Мать пожала плечами.
— Почем я знаю! — отозвалась она с запинкой, поставила чашку и вышла в прихожую.
Я скосил глаза на мельницу, где меня дожидался Клаас, и открыл разбухшую дверь в кладовку: кувшин с маринованными огурцами, полкаравая, солонина, несколько луковиц, коричневая миска с неподслащенным ревеневым повидлом, кубик маргарина, копченая колбаса, четыре сырых яйца, пакет муки и мешочек овсяных хлопьев — вот и все, что я обнаружил. Я слизнул повидло со своего ломтя, переломил его пополам и сунул в карман. В конторе теперь раздавались громкие голоса. Говорил все больше коренастый, но и другие подавали голос, и только отец молчал как убитый; вдруг мать скользнула ко мне в кухню, быстро схватила чашку и поднесла ко рту; тут мужчины вышли в прихожую, каждый на прощание подал руку ругбюльскому полицейскому, да и к нам они заглянули, пожелал нам приятного аппетита и все такое прочее, прежде чем нерешительно выйти из дома, но и тут пошли не к машине, а, разделившись, принялись наметанным глазом обозревать окрестность — рвы, луга, кустарники — до самой дамбы: нигде никакого движения, никто не стоял, не лежал, не сидел на корточках, кто мог бы вызвать у них подозрение. Один из них безуспешно поискал в сарае, другой осмотрел шлюз. Гнилую тележку они тоже проверили насчет ее безобидности, а коренастый коротыш вынул из машины полевой бинокль и долго оглядывал торфяные пруды. К машине они воротились с недовольным видом и уехали явно разочарованные.

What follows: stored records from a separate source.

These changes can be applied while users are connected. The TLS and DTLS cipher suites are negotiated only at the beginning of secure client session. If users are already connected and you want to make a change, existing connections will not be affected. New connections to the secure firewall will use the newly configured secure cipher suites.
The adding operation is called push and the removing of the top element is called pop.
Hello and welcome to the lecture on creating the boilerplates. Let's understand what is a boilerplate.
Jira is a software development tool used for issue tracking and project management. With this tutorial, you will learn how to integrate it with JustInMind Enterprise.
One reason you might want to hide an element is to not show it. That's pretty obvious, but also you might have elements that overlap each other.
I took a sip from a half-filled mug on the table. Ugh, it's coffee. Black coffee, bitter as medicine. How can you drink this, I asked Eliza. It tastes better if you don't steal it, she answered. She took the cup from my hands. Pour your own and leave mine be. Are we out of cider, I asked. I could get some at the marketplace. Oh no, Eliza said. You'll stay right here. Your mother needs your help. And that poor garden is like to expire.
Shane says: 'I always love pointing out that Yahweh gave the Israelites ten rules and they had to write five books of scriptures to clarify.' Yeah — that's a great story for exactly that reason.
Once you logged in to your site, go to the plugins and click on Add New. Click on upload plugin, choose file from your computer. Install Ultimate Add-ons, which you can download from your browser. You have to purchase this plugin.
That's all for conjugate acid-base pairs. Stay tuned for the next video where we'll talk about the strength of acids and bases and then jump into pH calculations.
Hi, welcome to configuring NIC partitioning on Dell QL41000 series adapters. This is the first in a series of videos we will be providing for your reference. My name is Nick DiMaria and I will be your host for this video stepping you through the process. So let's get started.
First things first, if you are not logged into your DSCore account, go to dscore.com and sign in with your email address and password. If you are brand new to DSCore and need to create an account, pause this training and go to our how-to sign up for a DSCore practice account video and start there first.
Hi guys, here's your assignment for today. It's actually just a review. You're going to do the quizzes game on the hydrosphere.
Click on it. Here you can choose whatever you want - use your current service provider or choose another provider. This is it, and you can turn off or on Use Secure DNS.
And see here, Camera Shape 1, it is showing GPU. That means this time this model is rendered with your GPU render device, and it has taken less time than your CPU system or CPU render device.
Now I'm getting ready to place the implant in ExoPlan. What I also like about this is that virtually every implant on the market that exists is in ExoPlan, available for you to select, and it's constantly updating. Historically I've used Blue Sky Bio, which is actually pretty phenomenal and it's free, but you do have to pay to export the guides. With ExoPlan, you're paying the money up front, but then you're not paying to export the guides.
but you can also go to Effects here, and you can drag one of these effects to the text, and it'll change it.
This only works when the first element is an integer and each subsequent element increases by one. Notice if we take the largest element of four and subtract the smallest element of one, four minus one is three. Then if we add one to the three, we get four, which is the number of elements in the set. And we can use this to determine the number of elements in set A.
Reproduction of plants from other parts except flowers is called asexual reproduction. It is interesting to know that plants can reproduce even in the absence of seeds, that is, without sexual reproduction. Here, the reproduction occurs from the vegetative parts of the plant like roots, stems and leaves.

Отец, стоя на крыльце, следил за их отбытием; они катили не торопясь, замедляя ход у рвов. Отец так и с места не двинулся, пока машина не свернула на Хузумское шоссе, и только тогда вошел в дом и как был, раздетый, сел за кухонный стол и сложил одну на другую руки. Деревянно сидел он в своей шершавой нижней рубахе с переброшенными через плечи помочами, глаза его слезились, челюсти похрустывали, словно он что-то жевал; он не видел чашки чаю, которую сунула ему мать, не видел меня, и отнюдь не по рассеянности: напротив, по лицу его было заметно, что он прекрасно понимает не только причину, но и все последствия, вытекающие из этого раннего посещения. Он вычислял. Он взвешивал и обдумывал, перечеркивал и принимался взвешивать заново. Брови его подергивались. Он тяжело дышал. Внезапно подняв правую руку, отец бессильно уронил ее на стол и сказал матери:
— А ведь он может заявиться к нам.
— Его уже ищут? — спросила мать.
— Его держали в тюремной больнице, оттуда он и сбежал. Его везде ищут.
— Когда он сбежал? — спросила мать.
— Вчера, — отвечал отец, — вчера вечером и только себе навредил, я справлялся — если бы Клаас высидел, дело обошлось бы тюрьмой или штрафным батальоном, а теперь крышка.
— Почему же, — допытывалась мать, — почему он это сделал?
— Спроси его сама, — сказал отец. — В дверь постучат, и это окажется он, вот ты его и спросишь.
— К нам он не придет, — сказала мать, — после всего, что мы от него натерпелись, он не посмеет сюда явиться.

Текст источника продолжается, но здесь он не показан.